#### Records to use:
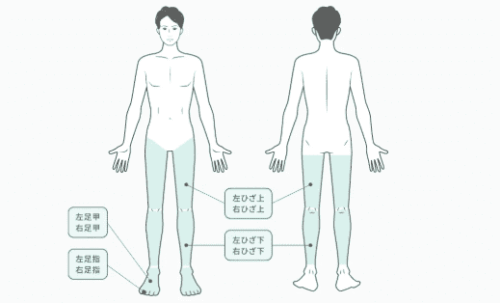 フレイアクリニックメンズ 脚全体脱毛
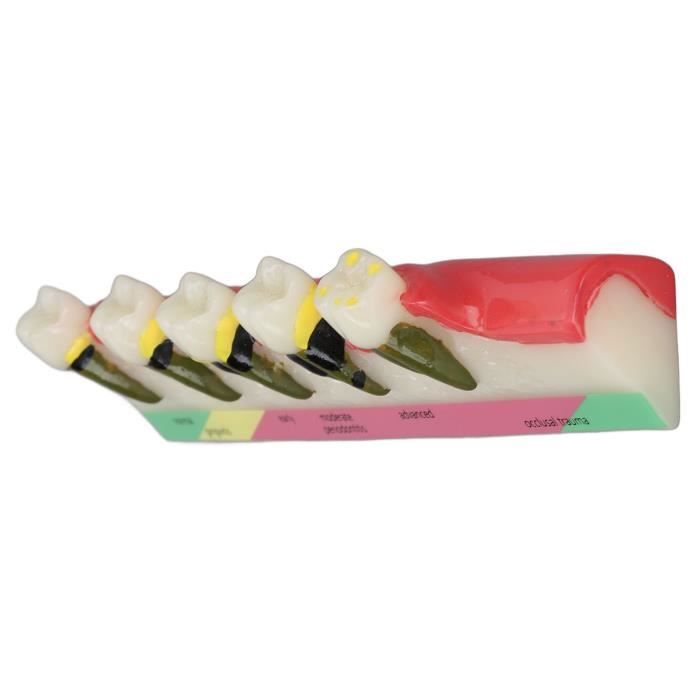 Lot De 32 Pièces De Dents De Rechange Pour Modèle Dentaire KaVo Basic - Typodont - Neuf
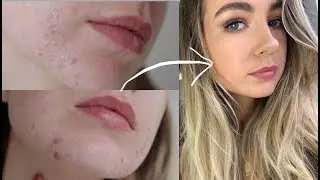 5 Skin Tips for Clear Skin / How I'm finally clearing my acne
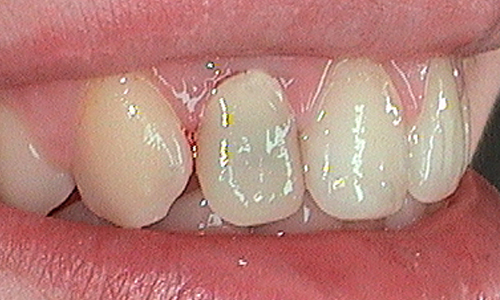 Before dental crown fitted in Harley Street - 21 year old lady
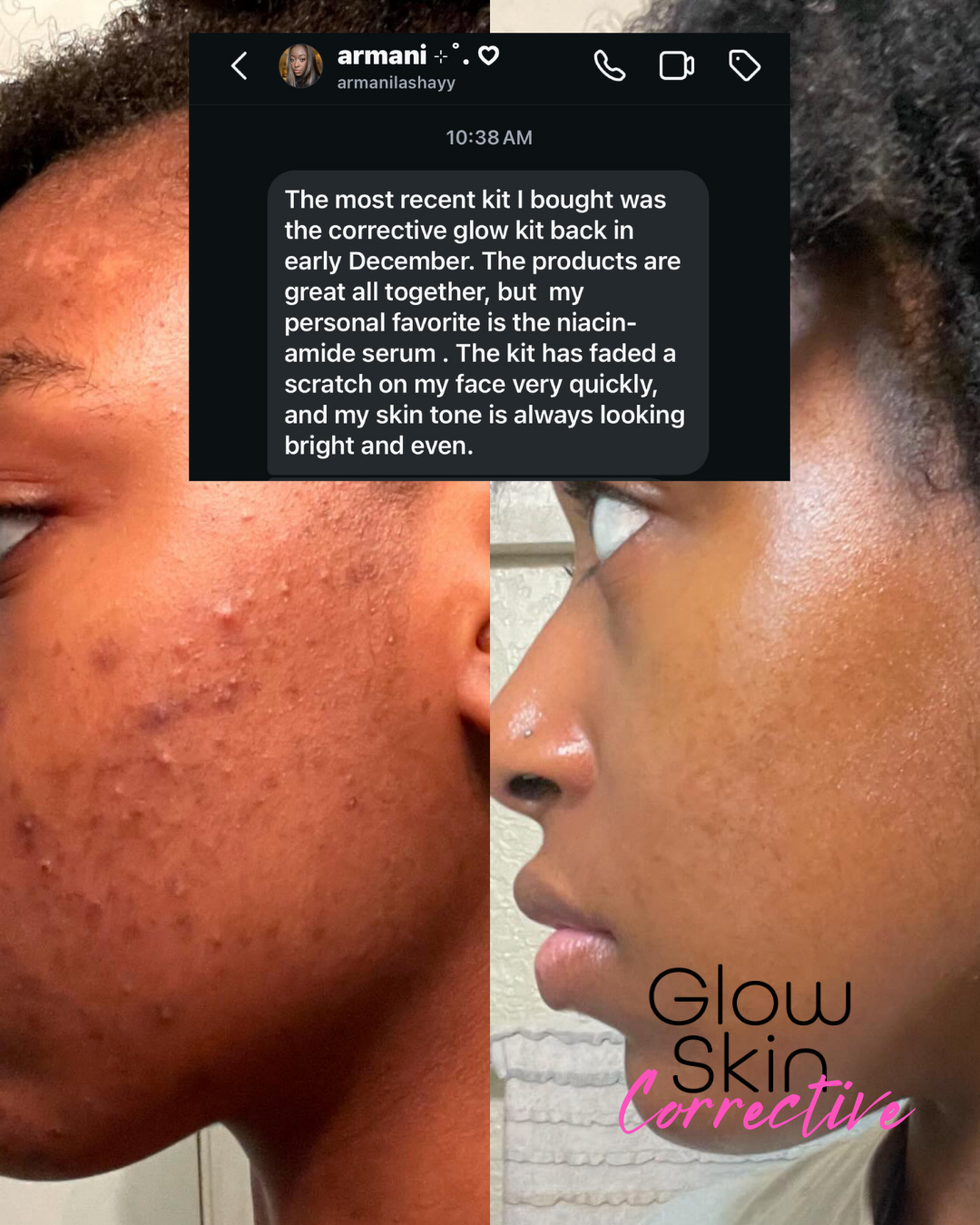 Niacinamide Serum
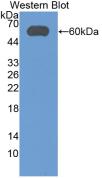 Aldehyde Dehydrogenase 7 Family, Member A1 (ALDH7A1) Monoclonal Antibody - image 2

#### Exercise details:
Leave the images aside and retype each line of the listing above exactly.

#### Result of this exercise:
 フレイアクリニックメンズ 脚全体脱毛
 Lot De 32 Pièces De Dents De Rechange Pour Modèle Dentaire KaVo Basic - Typodont - Neuf
 5 Skin Tips for Clear Skin / How I'm finally clearing my acne
 Before dental crown fitted in Harley Street - 21 year old lady
 Niacinamide Serum
 Aldehyde Dehydrogenase 7 Family, Member A1 (ALDH7A1) Monoclonal Antibody - image 2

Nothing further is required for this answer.